MRC Clinical Trials Unit at UCL, Institute of Clinical Trials and Methodology, 90 High Holborn, London, WC1V 6LJ, UK.
Trials. 2020 Apr 6;21(1):315. doi: 10.1186/s13063-020-4153-2.
The logrank test is routinely applied to design and analyse randomized controlled trials (RCTs) with time-to-event outcomes. Sample size and power calculations assume the treatment effect follows proportional hazards (PH). If the PH assumption is false, power is reduced and interpretation of the hazard ratio (HR) as the estimated treatment effect is compromised. Using statistical simulation, we investigated the type 1 error and power of the logrank (LR)test and eight alternatives. We aimed to identify test(s) that improve power with three types of non-proportional hazards (non-PH): early, late or near-PH treatment effects.

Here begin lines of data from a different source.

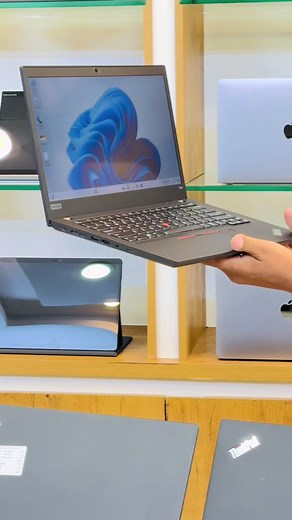 Lenovo ThinkPad T490 с возможностью сенсорного экрана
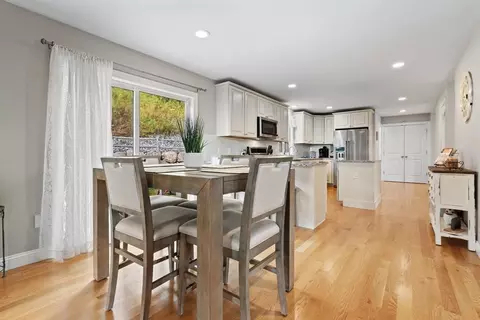 Dining - 15 Overlook Dr, Danvers, MA 01923 photo 1 of 2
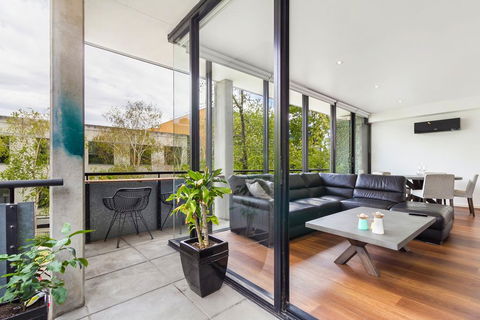 Smart Apartment In Elegant Suburb Close To City - Byron Bay Accommodation 2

We investigated weighted logrank tests (early, LRE; late, LRL), the supremum logrank test (SupLR) and composite tests (joint, J; combined, C; weighted combined, WC; versatile and modified versatile weighted logrank, VWLR, VWLR2) with two or more components. Weighted logrank tests are intended to be sensitive to particular non-PH patterns. Composite tests attempt to improve power across a wider range of non-PH patterns. Using extensive simulations based on real trials, we studied test size and power under PH and under simple departures from PH comprising pointwise constant HRs with a single change point at various follow-up times. We systematically investigated the influence of high or low control-arm event rates on power.
With no preconceived type of treatment effect, the preferred test is VWLR2. Expecting an early effect, tests with acceptable power are SupLR, C, VWLR2, J, LRE and WC. Expecting a late effect, acceptable tests are LRL, VWLR, VWLR2, WC and J. Under near-PH, acceptable tests are LR, LRE, VWLR, C, VWLR2 and SupLR. Type 1 error was well controlled for all tests, showing only minor deviations from the nominal 5%. The location of the HR change point relative to the cumulative proportion of control-arm events considerably affected power.
Assuming ignorance of the likely treatment effect, the best choice is VWLR2. Several non-standard tests performed well when the correct type of treatment effect was assumed. A low control-arm event rate reduced the power of weighted logrank tests targeting early effects. Test size was generally well controlled. Further investigation of test characteristics with different types of non-proportional hazards of the treatment effect is warranted.
对数秩检验常用于设计和分析具有时间事件结局的随机对照试验(RCT)。样本量和功效计算假设治疗效果遵循比例风险(PH)。如果 PH 假设不成立,则功效降低,并且危害比(HR)作为估计治疗效果的解释受到影响。本研究通过统计模拟,比较了对数秩(LR)检验和八种替代检验在处理三种非比例风险(非 PH)时的Ⅰ类错误和功效,旨在寻找提高具有早期、晚期或接近 PH 治疗效果的非 PH 类型功效的检验。
我们研究了加权对数秩检验(早期,LRE;晚期,LRL)、最大对数秩检验(SupLR)和复合检验(联合,J;联合,C;加权联合,WC;通用和改良通用加权对数秩,VWLR,VWLR2),它们都有两个或多个组成部分。加权对数秩检验旨在对特定的非 PH 模式敏感。复合检验试图在更广泛的非 PH 模式范围内提高功效。我们基于真实试验进行了广泛的模拟研究,研究了 PH 下和简单的 PH 偏离下(包括在不同随访时间点具有单一变化点的恒 HR)的检验效能和功效。我们系统地研究了高或低对照组事件率对功效的影响。
在没有先验治疗效果类型的情况下,首选检验是 VWLR2。如果预期有早期效果,可接受功效的检验是 SupLR、C、VWLR2、J、LRE 和 WC。如果预期有晚期效果,可接受的检验是 LRL、VWLR、VWLR2、WC 和 J。在接近 PH 情况下,可接受的检验是 LR、LRE、VWLR、C、VWLR2 和 SupLR。所有检验的Ⅰ类错误均得到很好的控制,仅显示出与名义 5%的轻微偏差。HR 变化点相对于对照组事件累积比例的位置极大地影响了功效。
在不知道可能的治疗效果的情况下,最好的选择是 VWLR2。当假设正确的治疗效果类型时,几种非标准检验表现良好。低对照组事件率降低了针对早期效果的加权对数秩检验的功效。检验效能通常得到很好的控制。需要进一步研究不同类型的治疗效果非比例风险的检验特征。